The village is made up of approximately 700 people, with 185 children between the ages of 6 and 16 years. The majority of villagers rely on subsistence agriculture, with a small minority in service industries. Paddy, millet, maize and wheat are the main staple crops produced, with domesticated animals raised for dairy products meat and manure.Although most households are engaged in full time farming food, only 18% produce sufficient food for their needs. Approximately 10% of the villagers live below the absolute poverty line.
Home and Family
Most of the houses within the village are two-story structures made of local materials, such as stones, mud and timber. Since the village is relatively is close to urban areas and has access to a motorable road, several newer houses have been made with cement and iron. Unlike other villages within the area, the majority of houses also have a separate kitchen which helps to create a clean indoor environment and better health particularly for women and children. Also unusually a high proportion 86%, of households have lavatories! Nepal is one of the richest countries in the world in terms of water resources. However, the large majority of people across the country do not have clean drinking water and water is a problem in the dry weather. In this village there are sufficient sources of drinking water, but the village still experiences a lack of supply during the dry season. The village does not have electricity, and very few villagers have solar panels to provide lighting. Firewood is the main energy source for cooking and heating. In Samibhajyang marriage is socially and culturally accepted from the age of 16-18, with women giving birth of the first child one or two years after their marriage. Dowries are not compulsory, but are prevalent in the village.

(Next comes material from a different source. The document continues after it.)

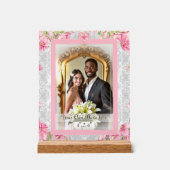 Hibiscus & kant ROZE Acryl Bord (Voorkant)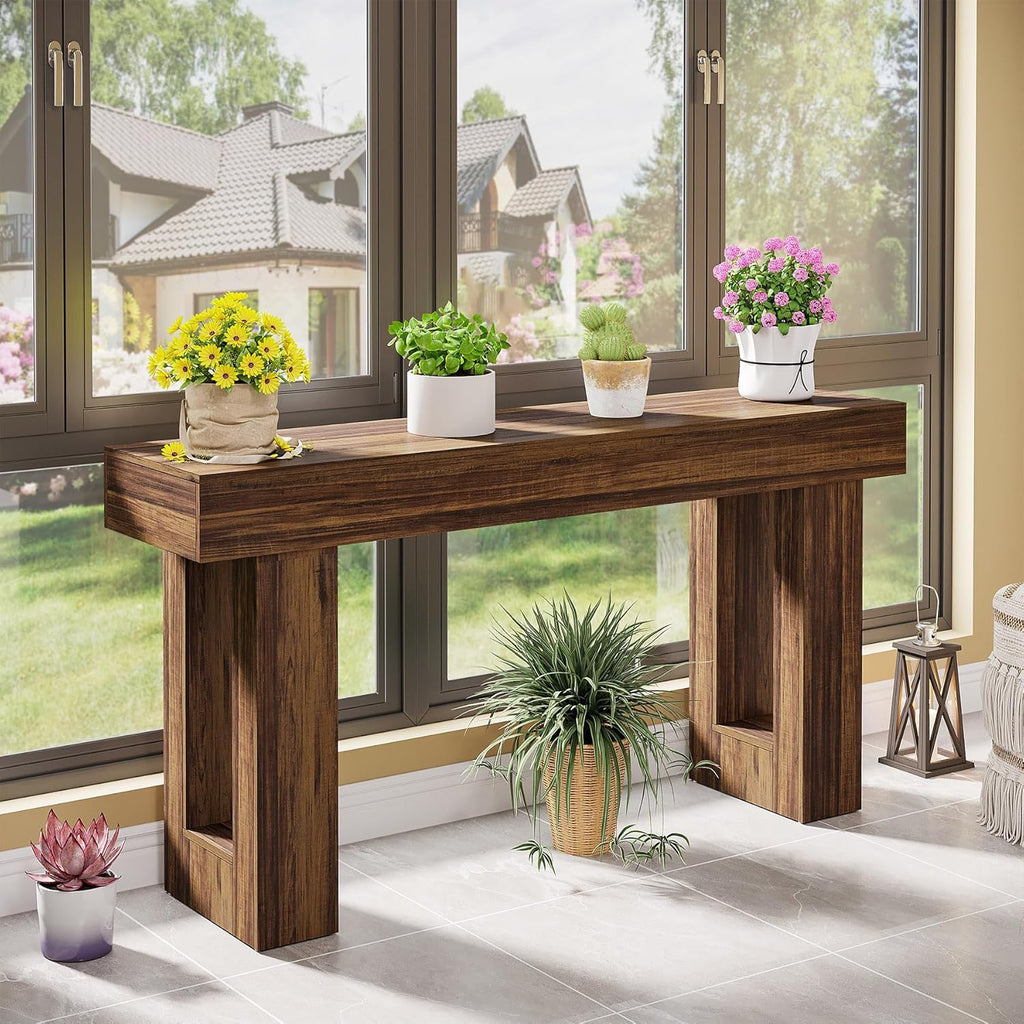 Tribesigns 63-Inch Long Console Table, MDF Wood Grain Rectangular Sofa Table Behind The Couch, Farmhouse Entryway Table for Entrance, Hallway, Living Room (Rustic Brown)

Education Within the Village
There are four primary schools in the immediate area, one lower-secondary, and one secondary school, which contributes to a quite low village illiteracy rate of 20%. The Samjhana Secondary School – which is funded by Thomas’s Battersea educates 222 students from pre-primary to Class 10, with slightly more girls than boys. Built in 1998, it was the first one completed by any of the Thomas’s Schools. The land on which it stands was donated by one of the villagers, and the whole village contributed labour for quarrying stone, breaking stone for aggregate and carrying sand up from the river below. In those days there was no road to the village. The school is large, with a total of 15 large classrooms within the school, allowing the school to accommodate a considerable number of students. This school is well located and has a large play ground, toilets and drinking water. The school compound is very well fenced and there are good educational materials and supplies. The school is open from 10 am to 4 pm from Sunday to Thursday and 10 am to 1pm on Fridays, and is closed on Saturdays and public holidays. English is a compulsory at the school. There are currently 15 teachers employed at the school, of which 11 are from the local community. The teachers from the school report that student attendance is good. Though the teacher attendance is also reported to be good, some classes are experiencing difficulty in completing the School Leaving Certificate (SLC), with pass rates only being between 10-15%. The CAIRN Trust will continue to monitor this situation.